However, the organization, preparation, and presentation of materials in a class or other instructional setting represent the intellectual effort of the instructor. Instructors have an interest in protecting this intellectual effort and in assuring the accuracy of any public representations of their course lectures and presentations. The classroom should also be a place where instructors feel free to share with students the full range of information available in their subject areas, including results of new research as it is produced, without concern that such new knowledge will be shared prematurely outside the University learning community. Broadly disseminating class notes beyond the classroom community or accepting compensation for taking and distributing classroom notes undermines instructor interests in their intellectual work product while not substantially furthering instructor and student interests in effective learning. Such actions violate shared norms and standards of the academic community.
- Students may not distribute, via the Internet or other means, instructor-provided lecture notes or other instructor-provided materials, except to other members of the same class or with the express consent of the instructor.
- Instructors have the right to impose additional restrictions on course materials in accordance with copyright and intellectual property law and policy. (See Board of Regents Policy: Copyright, Board of Regents Policy: Commercialization of Intellectual Property Rights and Administrative Policy: Copyright Ownership.)
- While students hold the copyright to their own notes from a course, students may not engage in the widespread distribution or sale of transcript-like notes or notes that are close to verbatim records of a lecture or class presentation. Students may share such notes with other students in the same class.
- The provisions of this policy are enforceable as University rules under Board of Regents Policy: Student Conduct Code.
- If the faculty of a department or collegiate unit, as a group, or individual faculty in a particular course, have assented to or authorized the distribution of lecture notes or instructor-provided materials, such action does not violate this policy.
This policy is not applicable to the Duluth campus.
REASON FOR POLICY
One of the advantages of taking classes from faculty who are active researchers in their field is the opportunity for students to learn about research that may not yet be published. If students share the results of this research or scholarship outside the classroom it creates a disincentive for faculty to share this work. The policy also encourages students to take their own course notes rather than rely on the notes of others.
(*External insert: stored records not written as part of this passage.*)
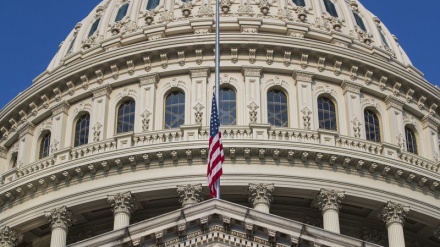 Amerika demonstracijama u Iraku želi pripisati međunarodni karakter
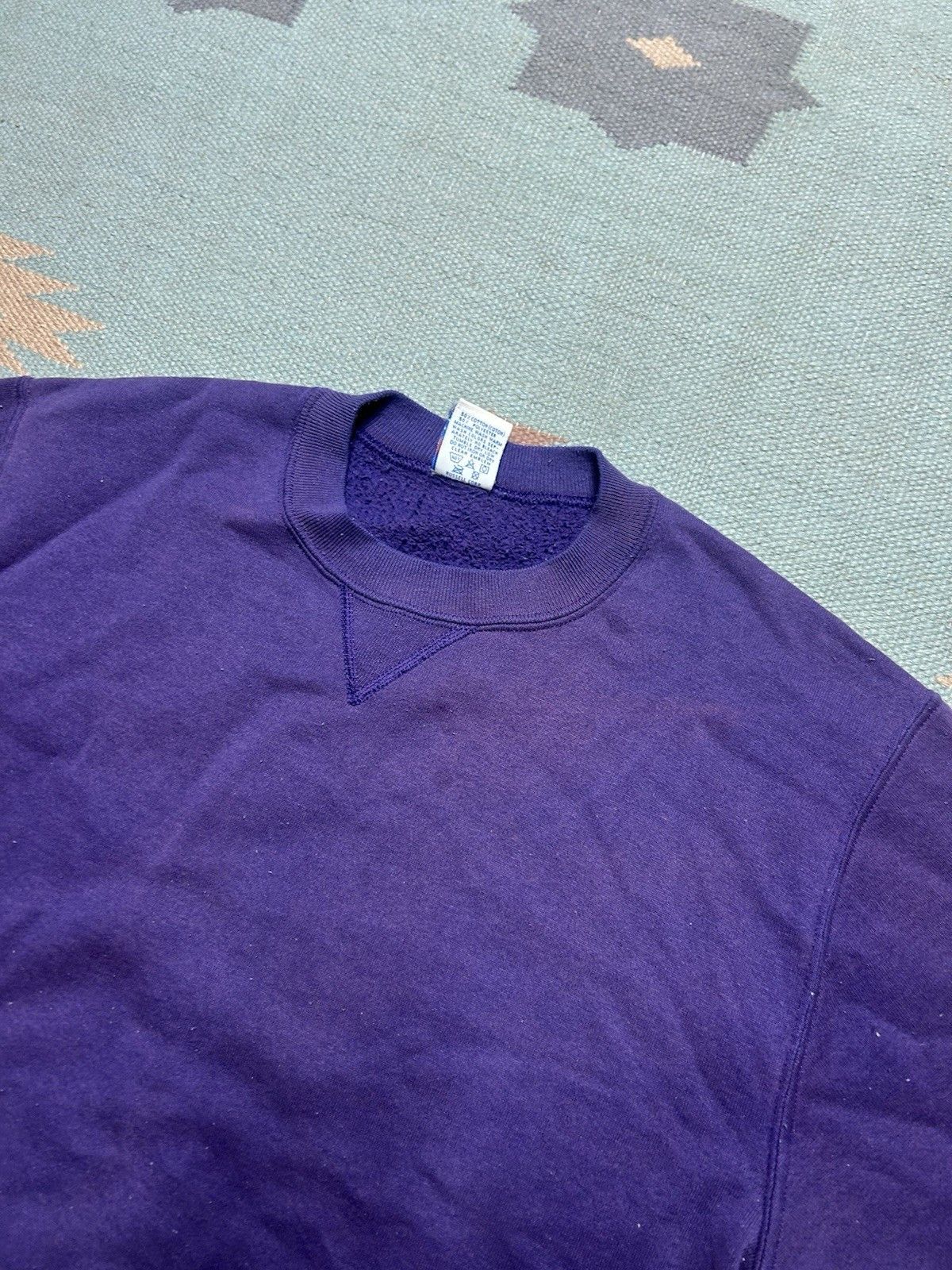 Vintage Vtg 80s sweatshirt Russell athletic plum blank USA medium Size US M / EU 48-50 / 2 - 5 Thumbnail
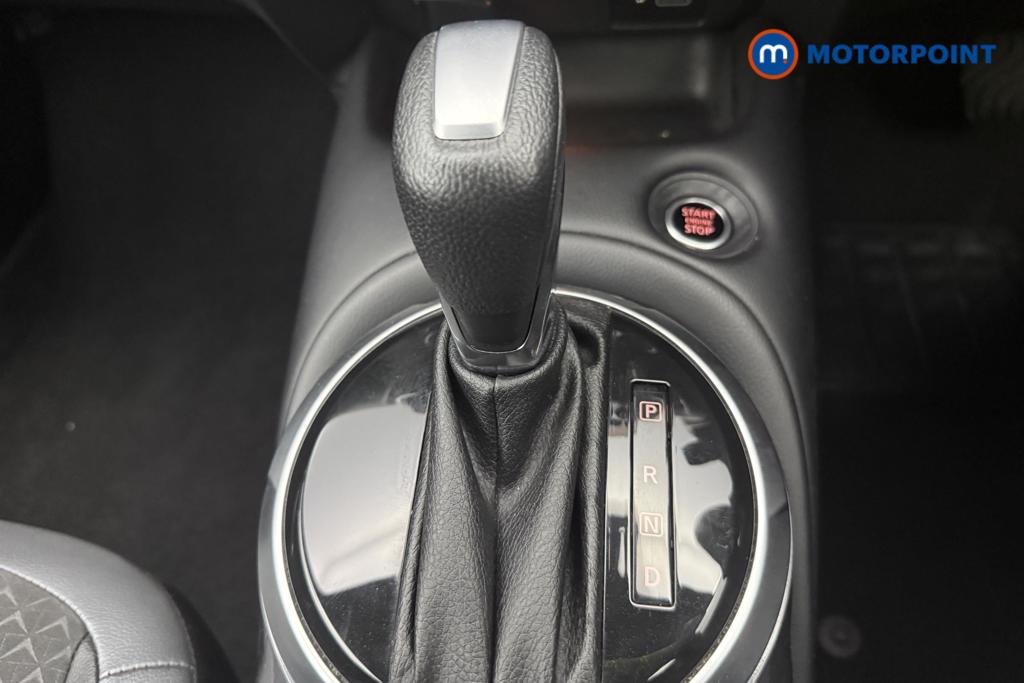 Nissan Juke N-Connecta Automatic Petrol SUV - Stock Number (1564986) - 7th supplementary image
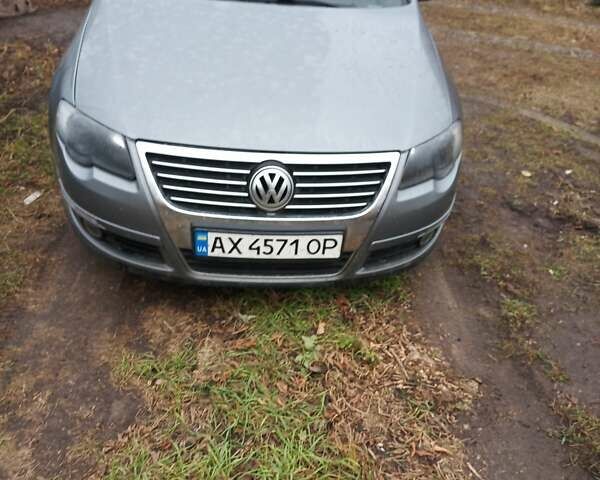 Серый Фольксваген Пассат, объемом двигателя 2 л и пробегом 251 тыс. км за 6900 $, фото 1 на Automoto.ua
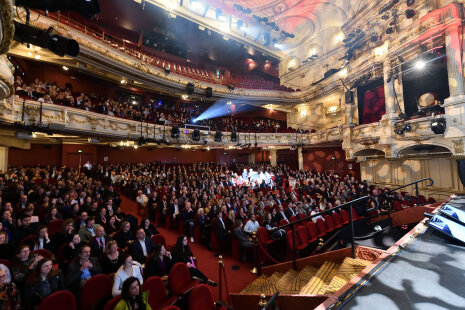 Le théâtre Mogador avait fait le plein pour l&amp;#039;occasion - ©&amp;#160;Carole Desheulles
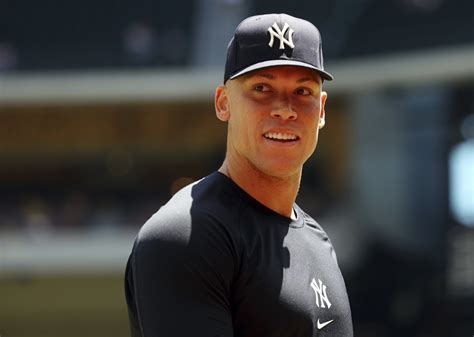 Yankees put Aaron Judge on injured list with hurt hip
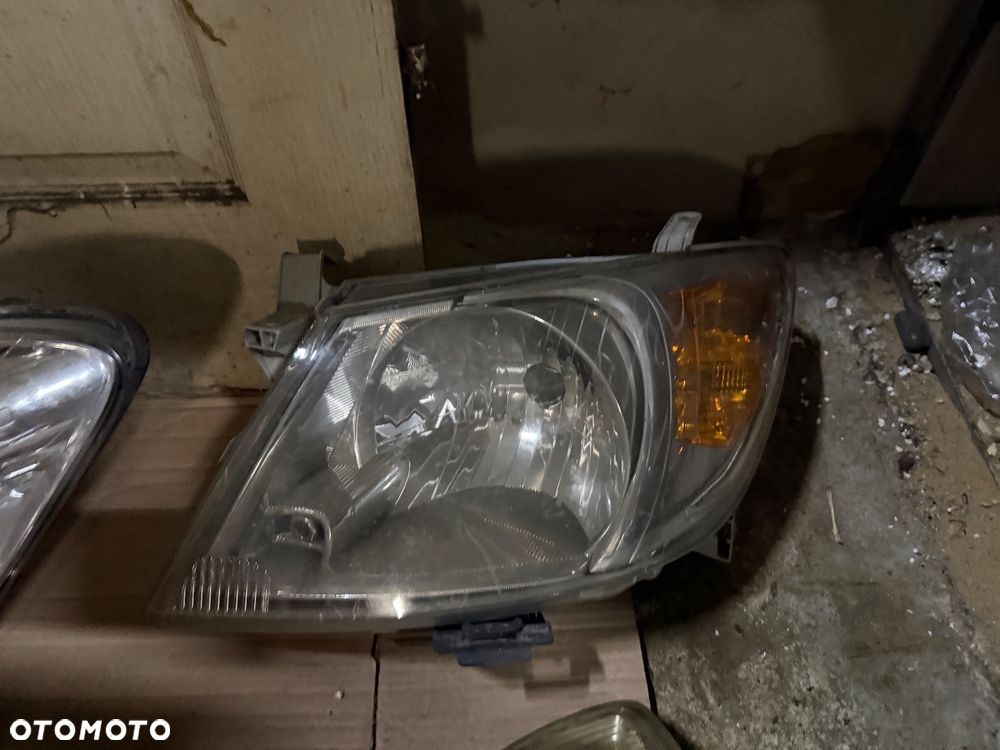 Lampy przednie Toyota Hilux 11-16r. - 1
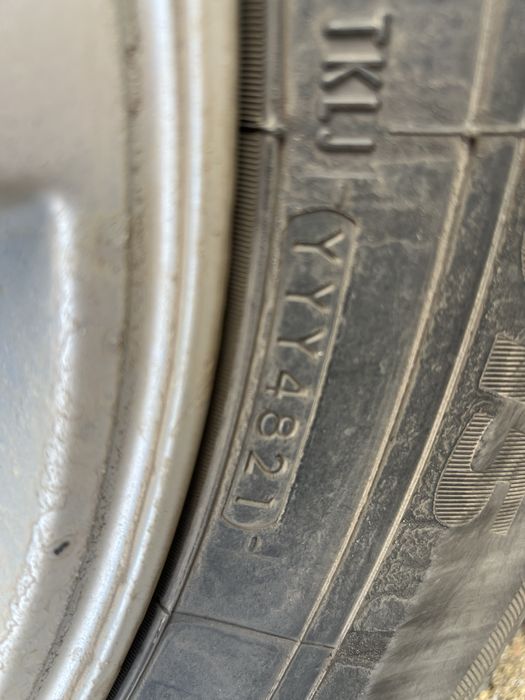 Продам резину с дисками 265/70 R16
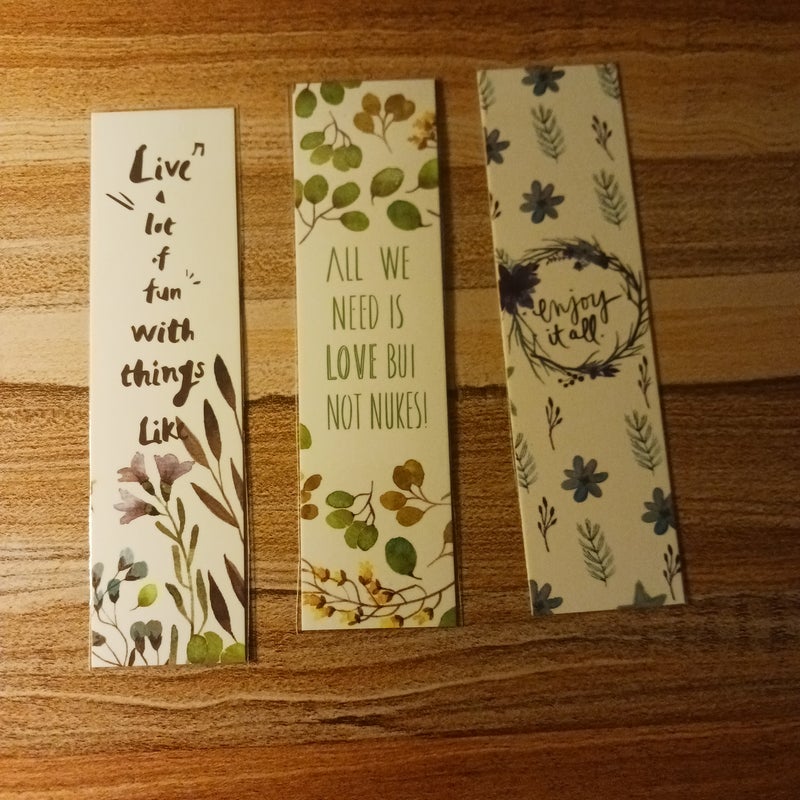 Laminated Floral Prints Bookmarks -Lot of 3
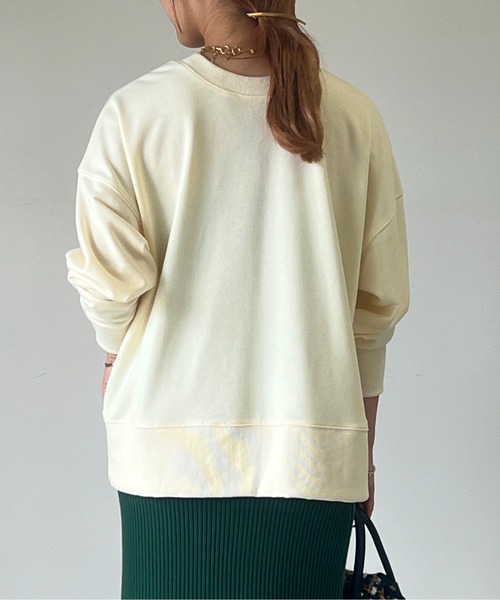 un dix cors（アンディコール）の「前後2WAYフロッキーロゴ裏毛トップス（スウェット・レディース・ネイビー/アイボリー/チャコールグレー・FREE）」の6枚目の写真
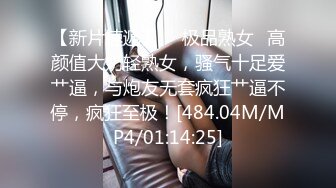 开个情趣房自拍女友吃鸡鸡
Notes taken in a class are intended for students to use to facilitate their learning in a course, and not to provide profit to an individual student, or to be used by students outside of that particular course.
There are no procedures related to this policy.
There are no forms related to this policy.
- Broad dissemination
- To distribute widely, outside of the confines defined in this policy (e.g. distributing online, distributing to students outside of class, etc.).
- Commercial purposes
- To make a profit, accept compensation or to benefit through any means.
- Express written consent
- Obtaining written affirmative permission from a person.
There are no specified responsibilities related to this policy.
There are no appendices related to this policy.
FREQUENTLY ASKED QUESTIONS
- Is it acceptable to share course notes with students who are taking the course in a subsequent term?
- Students should only share course notes with other students enrolled in the course during the same semester. The instructor teaching a particular course may change, and notes from a previous offering may or may not be applicable to the current offering.
- What does broadly disseminating course materials mean?
- Making course materials available via the internet, broadcasting, or using other media that could reach a wide audience.
- Board of Regents Policy: Commercialization of Intellectual Property Rights
- Board of Regents Policy: Copyright
- Board of Regents Policy: Student Conduct Code
- Administrative Policy: Copyright Ownership
- December 2009 - Policy now applies to Crookston campus.